Club de Fútbol La Piedad is a Mexican football club based in La Piedad, Michoacán. The club currently plays in the Primera Premier, the main branch of the Liga Premier de México, the third level division of Mexican football. Reboceros was founded in 1951 by football players from "Perros Bravos" neighborhood, most of them were craftsman working with leather and textile.

==History==
===First years of the club===
The club was founded on November 12, 1951 in La Piedad, Michoacán. In 1952, the team won the Segunda División tournament and was promoted to the Primera División de México, however, the squad was relegated in 1953. After its relegation in 1953, the team would spend several years playing in the Segunda División de México and the Primera División 'A' de México.

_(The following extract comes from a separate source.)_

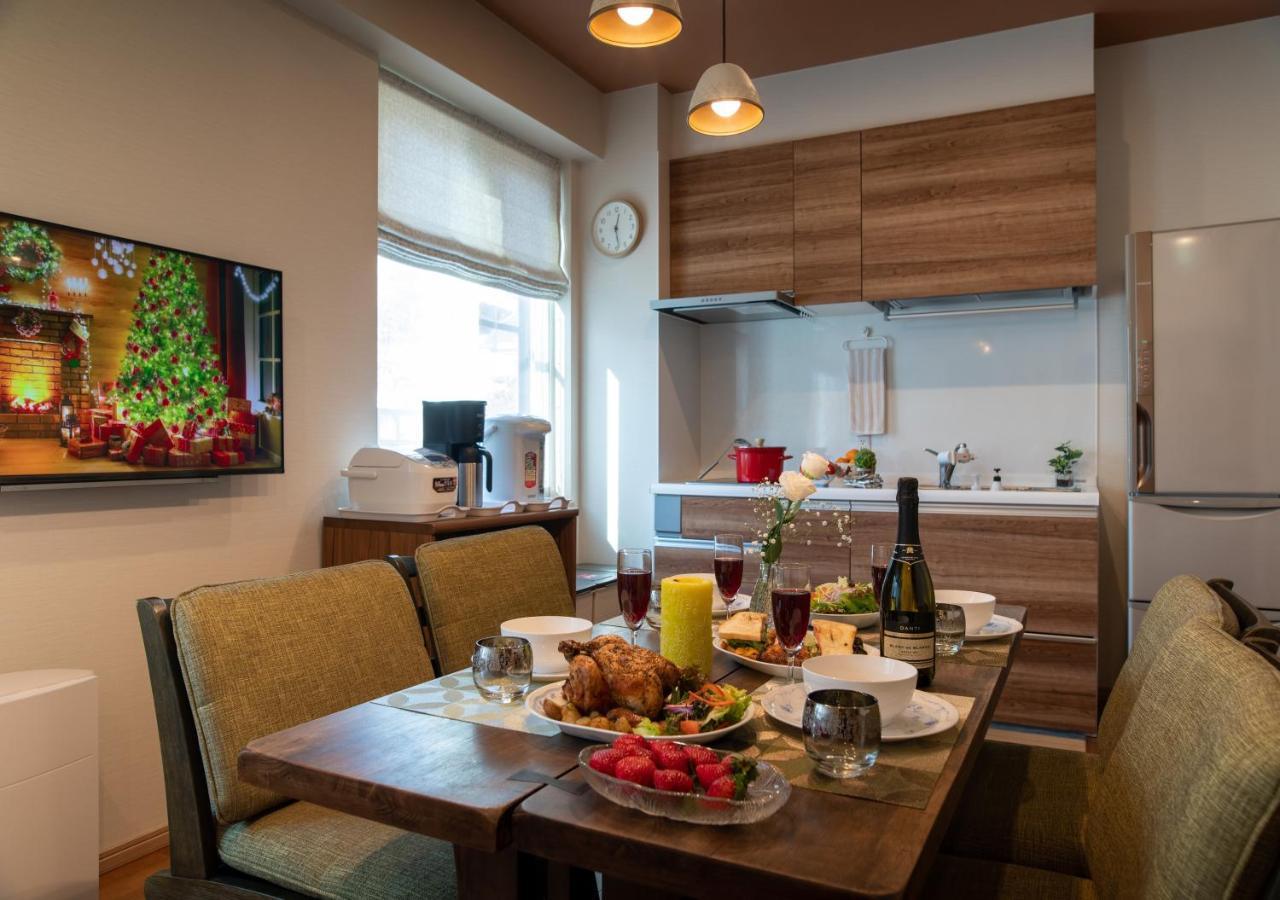 Miidokoro House Hotel Сапоро Екстериор снимка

In 2001, the club won the Verano 2001 championship defeating Toros Neza. Later, La Piedad won the promotion to the Primera División by winning against Gallos de Aguascalientes in the promotion playoff.

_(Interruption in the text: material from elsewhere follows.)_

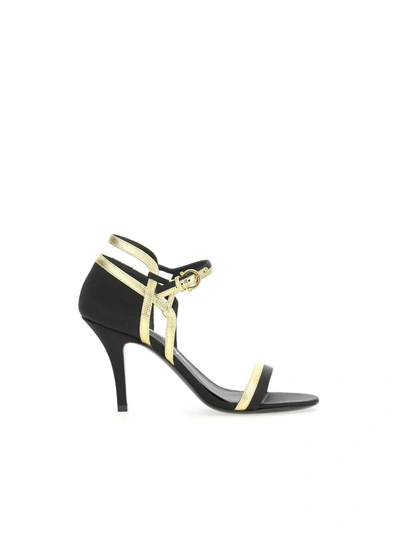 Shop Ferragamo Salvatore  Sandals In Nero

===Return to Primera División and first disappearance of the club===
La Piedad returned to the Primera División in the Invierno 2001 tournament, the team finished in 18th place with 19 points. In the Verano 2002 tournament, La Piedad finished the regular season in the first place of the general table. Being eliminated by Pumas UNAM in the quarterfinals, the team was managed by Víctor Manuel Vucetich.

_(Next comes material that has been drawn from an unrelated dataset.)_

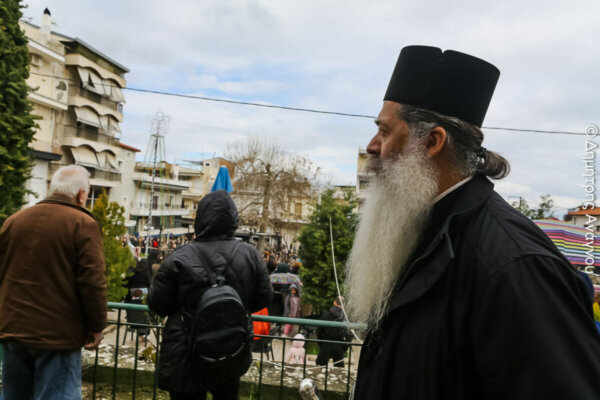 Μητροπολίτης Φθιώτιδος Συμεών: «Το χρώμα του πένθους είναι το χρώμα αυτού του αγώνα»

During the season, the team had to face criticism from own players, rival teams and the media, which accused the club and the city of not having the facilities or adequate urban infrastructure for the Primera División. Finally, the team was relocated to the city of Querétaro and merged with the Querétaro franchise.

The original La Piedad franchise was dissolved in 2004 after the Federación Mexicana de Fútbol (FMF) decided to reduce the number of participants in the Primera División to 18 clubs. The FMF bought the Querétaro franchise for the lack of transparency regarding the origin of its financial resources and decided to disappear it for a while.

===Ascenso MX teams===
After the original La Piedad team was relocated to the city of Querétaro, a new franchise arrived to the city of La Piedad: Tampico Madero was relocated to La Piedad, Michoacán and adopted the name and colors of Reboceros on the Invierno 2002 tournament. The new La Piedad franchise arrived to the tournament final against Irapuato, finally, Irapuato won the championship, and in January 2003, La Piedad was relocated to Celaya, Guanajuato and was renamed as Cajeteros del Celaya.

In 2004, Guadalajara decided to relocate its reserve squad (Club Deportivo Tapatío) to La Piedad and rename it as Chivas La Piedad. However, the team only played for one season in the city, because they did not receive the sufficient support of local fans. In July 2005, the franchise was relocated to Tepic, Nayarit and renamed as Chivas Coras.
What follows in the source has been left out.